Here we are one last time in Edgewater Park, where there seem to be just as many little pedestrian alleys as there are roads. Some background on the neighborhood from the NY Times:

In 1923, when Richard W. Shaw Sr., the first of four generations of Shaw landlords, bought the property, only one house stood out: a great stone mansion that overlooked pastures, swamps and, of course, the water.

During the summer he permitted church groups, Boy Scouts and, later, workers from New York City to pitch tents or build rustic cottages on what became known as Edgewater Camp.

"As kids, we'd go see cows grazing and then go down to the farmhouses nearby and steal tomatoes and squash," said John McNamara, a 72-year-old Bronx historian and former Edgewater resident, who recalls lazy summers of courting schoolgirls in canoes and walking three miles to the nearest trolley into town.

"We lived in wooden-sided tents with canvas tops," he said. "We had no electricity, just kerosene stoves. It was a real pioneer community."

In the 1930's, the Great Depression forced many of the summer residents to sell their homes in the city. They winterized their Edgewater bungalows with newspapers, cardboard boxes and other crude insulation.

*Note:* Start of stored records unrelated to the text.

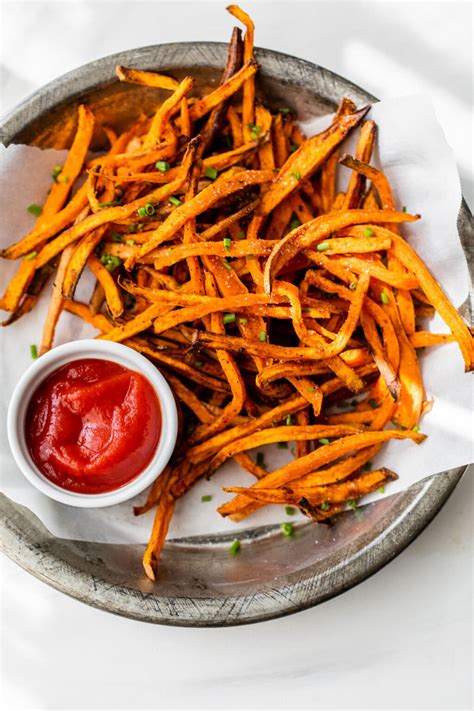 Air Fryer Sweet Potato Fries – WellPlated.com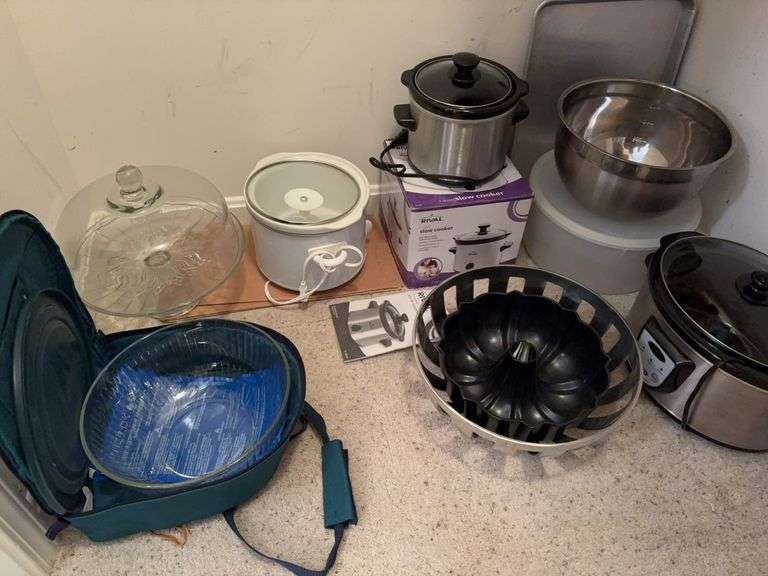 Kitchen Appliances Cake Plate Bowls image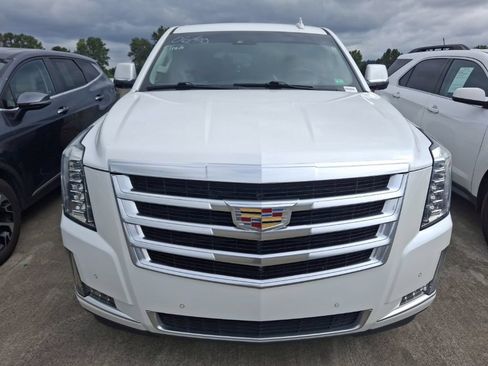 Used 2017 Cadillac Escalade Luxury AWD/4WD image 3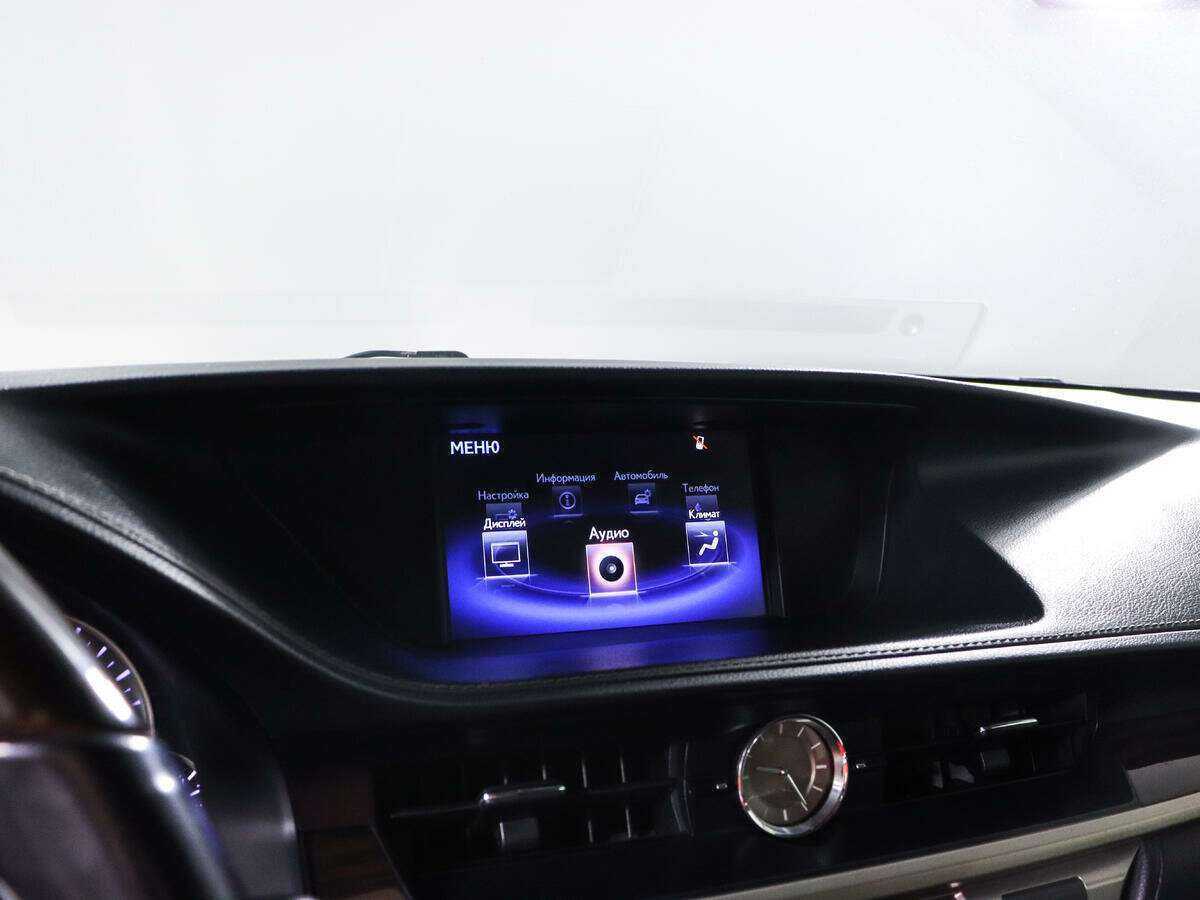 Lexus ES с пробегом — 2016 год. Фото: #12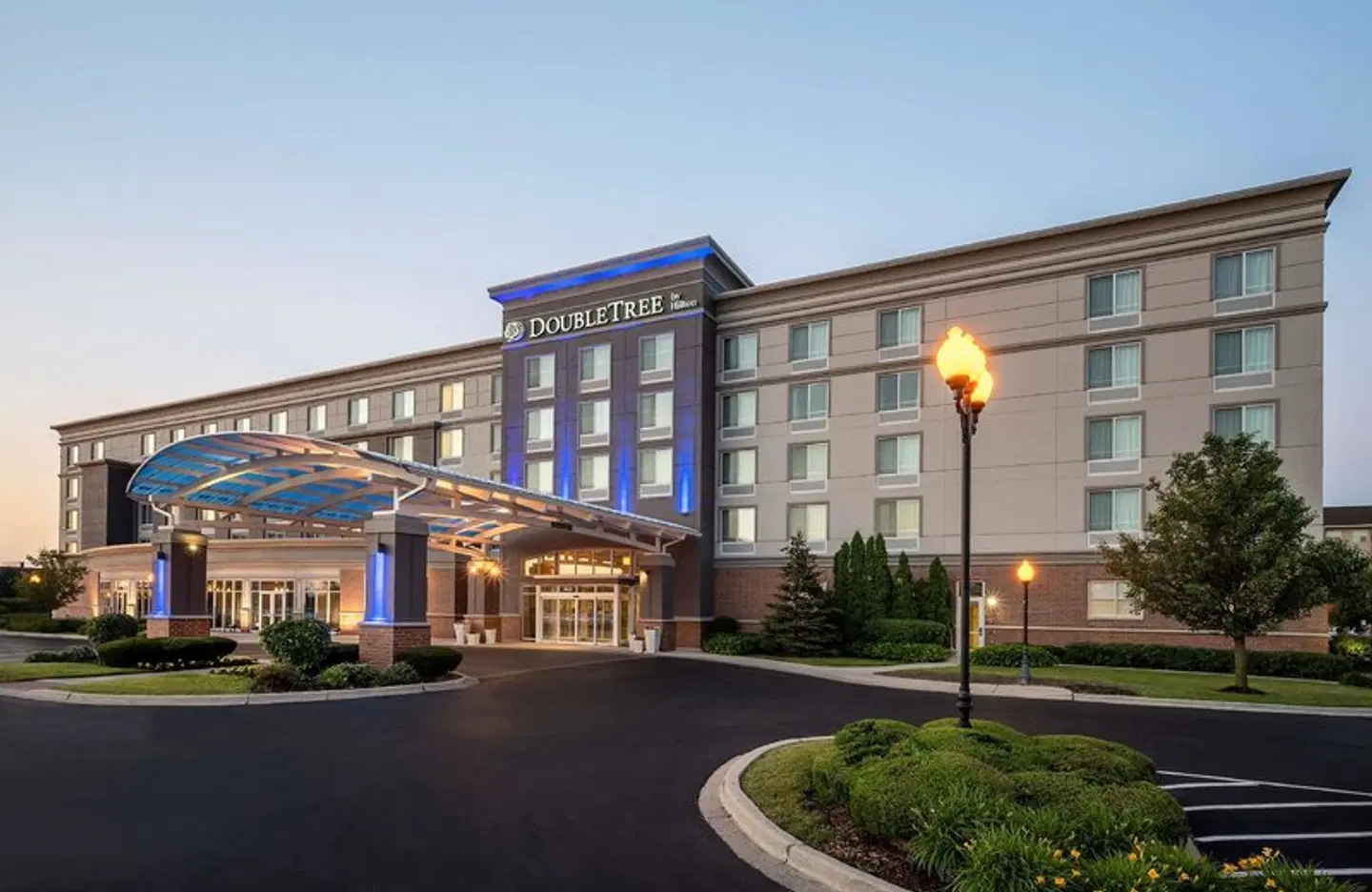 DoubleTree by Hilton Chicago Midway Airport EXTERIOR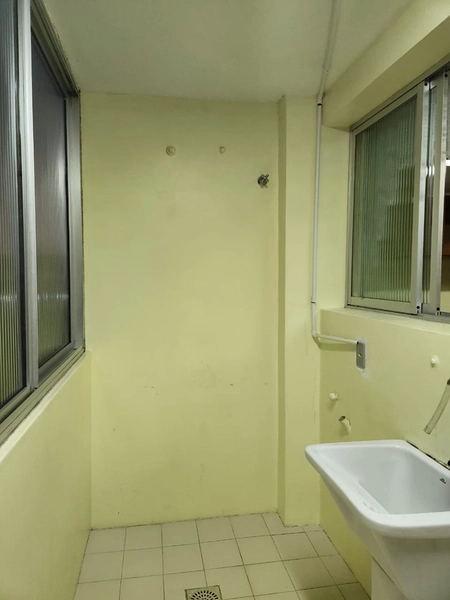  Apartamento Semimobiliado com 2 Quartos, Sol da Tarde e Sacada no Bairro Santa Catarina: 2ª foto da galeria de imagens do imóvel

A permanent community was born.

For all its scenic beauty, Edgewater is a planner's nightmare, with neither building codes nor zoning laws. Fire hydrants sprout in backyards, a reminder of how the early residents simply ignored the street grid the city had planned for them.

The result is a jumble of 675 single-family houses shoehorned into 55 acres of land, elbowing one another on 30-by-50-foot plots.